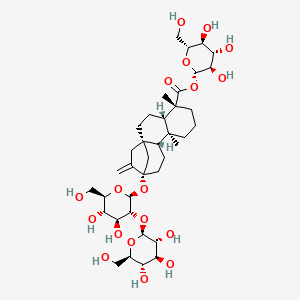 STEVIOSIDE Chemical structure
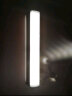 启梵橱柜灯带衣柜人体感应充电层板led长条厨房灯条展示柜底酒柜无线 【发2个】200暖黄光 实拍图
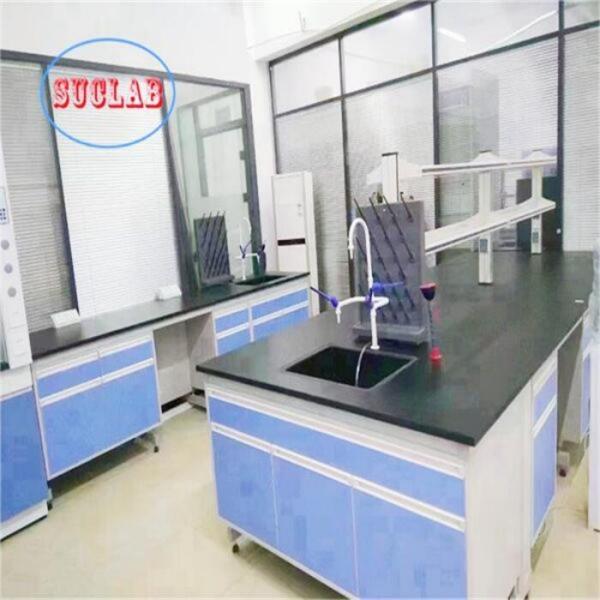 Chemical Lab Furnitures Manufacturers Phenolic Resin and Epoxy Resin Work Surface Options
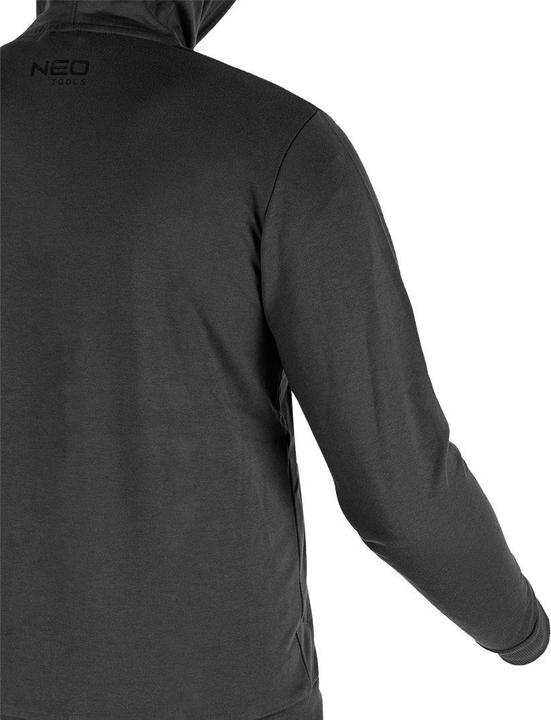 Produktbild No Name Kapuzensweatshirt COMFORT grau Grösse XXL (XXL)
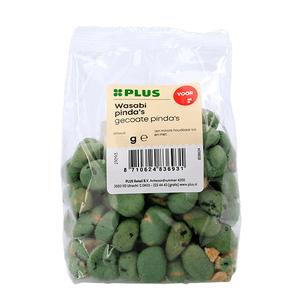 PLUS Wasabi pinda's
--- --- ---
_REQUIRED ACTION_
Quote exactly, and only, the lines from the line containing "启梵橱柜灯带衣柜人体感应充电层板led长条厨房灯条展示柜底酒柜无线 【发2个】200暖黄光 实拍图" through the final line of the records above, both included, omitting any pictures.

_ANSWER SPACE_
 启梵橱柜灯带衣柜人体感应充电层板led长条厨房灯条展示柜底酒柜无线 【发2个】200暖黄光 实拍图
 Chemical Lab Furnitures Manufacturers Phenolic Resin and Epoxy Resin Work Surface Options
 Produktbild No Name Kapuzensweatshirt COMFORT grau Grösse XXL (XXL)
 PLUS Wasabi pinda's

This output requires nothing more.